EgyptSource blogger Magdy Samaan spoke at an event co-hosted by the Hariri Center, the Wilson Center and Project on Middle East Democracy (POMED) in Washington announcing the blog’s launch and previewing Egypt’s elections.
Michele Dunne, director of the Hariri Center, participated in the discussion with panelists Magdy Samaan and Ibrahim Houdaiby (who joined the conversation from Cairo by Skype), moderated by POMED director Stephen McInerney.
Houdaiby, a freelance journalist and political analyst, identified three major challenges that could complicate Egypt’s three-stage parliamentary elections, slated to begin on November 28: 1) security challenges, 2) media censorship and 3) the need for an independent judiciary. A dysfunctional security apparatus that has failed to fully redeploy civilian police officers since the January uprising appears ill-equipped to maintain order at polling stations, particularly if voters turn out in record numbers as expected (recent polling data indicates that almost 90 percent of Egyptians intend to vote, compared to 41 percent in the March constitutional referendum). Meanwhile, an unhealthy media environment characterized by state censorship and corruption will hinder transparent and accurate coverage of the elections. Nearly 10,000 judges will be responsible for supervising polling stations, but Houdaiby cited concerns that the judiciary may lack sufficient independence to adequate monitor the voting process.
Election results are difficult to predict in light of the diverse political field and lack of identifiable leaders, as well as the fact that millions of Egyptian who have never voted before are likely to participate. Houdaiby said that polling data suggest that some 27 percent of Egyptians support Islamist movements, including about 15 percent for the Muslim Brotherhood. Polling data indicates that Egyptians are primarily concerned with political and economic rather than ideological or religious issues, a trend that will undermine popular support for Islamist parties that fail to address voters’ practical concerns in their platforms, according to Houdaiby. He predicted nonetheless that Islamist parties might capture about 45 percent of the seats in the new parliament.

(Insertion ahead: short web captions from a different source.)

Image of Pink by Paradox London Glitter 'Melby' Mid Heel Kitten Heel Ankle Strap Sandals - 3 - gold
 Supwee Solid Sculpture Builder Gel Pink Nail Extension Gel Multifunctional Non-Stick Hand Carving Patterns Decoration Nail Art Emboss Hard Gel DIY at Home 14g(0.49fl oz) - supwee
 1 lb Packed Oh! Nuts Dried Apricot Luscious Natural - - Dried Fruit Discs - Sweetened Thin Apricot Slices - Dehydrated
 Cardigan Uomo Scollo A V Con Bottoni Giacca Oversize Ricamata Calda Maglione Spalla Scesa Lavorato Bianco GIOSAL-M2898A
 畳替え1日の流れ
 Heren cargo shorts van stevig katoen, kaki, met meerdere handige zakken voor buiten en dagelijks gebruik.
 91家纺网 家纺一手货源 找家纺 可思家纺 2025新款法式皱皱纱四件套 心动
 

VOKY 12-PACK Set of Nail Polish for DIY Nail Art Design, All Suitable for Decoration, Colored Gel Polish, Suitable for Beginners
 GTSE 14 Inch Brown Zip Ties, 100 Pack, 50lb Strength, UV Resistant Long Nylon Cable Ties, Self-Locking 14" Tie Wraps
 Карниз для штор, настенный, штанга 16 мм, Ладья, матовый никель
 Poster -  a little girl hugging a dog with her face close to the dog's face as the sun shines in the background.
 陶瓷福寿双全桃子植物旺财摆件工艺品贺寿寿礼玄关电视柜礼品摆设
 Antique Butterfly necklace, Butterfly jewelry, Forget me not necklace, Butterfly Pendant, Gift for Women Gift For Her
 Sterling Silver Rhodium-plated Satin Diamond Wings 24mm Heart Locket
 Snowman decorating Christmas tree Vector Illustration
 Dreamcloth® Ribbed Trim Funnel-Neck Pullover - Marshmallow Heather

Magdy Samaan, a freelance journalist and blogger for EgyptSource, agreed with Houdaiby that Egypt’s deteriorating media environment and the ongoing detention and censorship of journalists are impeding the development of an open society and pluralist political system. Samaan also warned that despite the ruling military council’s stated intention of transferring power to an elected civilian government, there are signs that the military is seeking to preserve and even expand its political and economic privileges in the post-Mubarak system, including a constitutional provision to shield its budget from parliamentary scrutiny. Far from playing a constructive role in the democratic transition, participants noted that the military leadership is deploying many of the same tactics used by the Mubarak regime to intimidate and silence its critics.
Michele Dunne echoed Samaan’s concerns about the military’s intentions, noting that the Supreme Council of the Armed Forces’ (SCAF) efforts to wrest control of the process of choosing members of a constituent assembly calls into question what the powers of the new parliament will actually be. There is a widespread expectation that the elections scheduled to begin November 28 will be fairly run, a first for Egypt. At the same time, however, the new electoral system is so extraordinarily complicated that even well-meaning electoral administrators might make errors or differ in their interpretation of important issues such as seat allocation. This raises the real possibility of violence and unrest surrounding the elections, which could disrupt the process and detract from the legitimacy of results.
Stephen McInerney described the features of the electoral system as well as electoral monitoring, noting that there remain many uncertainties about the details of the system and whether domestic monitors and international observers (being called “witnesses”) will be able to watch all phases of the voting and counting process. Some results (for the one-third of “individual” seats) will be announced immediately, whereas the other two-thirds (“proportional” or party list seats) will not be announced until the end of the process—mid-January for the People’s Assembly and mid-March for the Shura Council. With rumors and leaks of results likely, this phased announcement of results might also lead to suspicion about rigging and possible violence.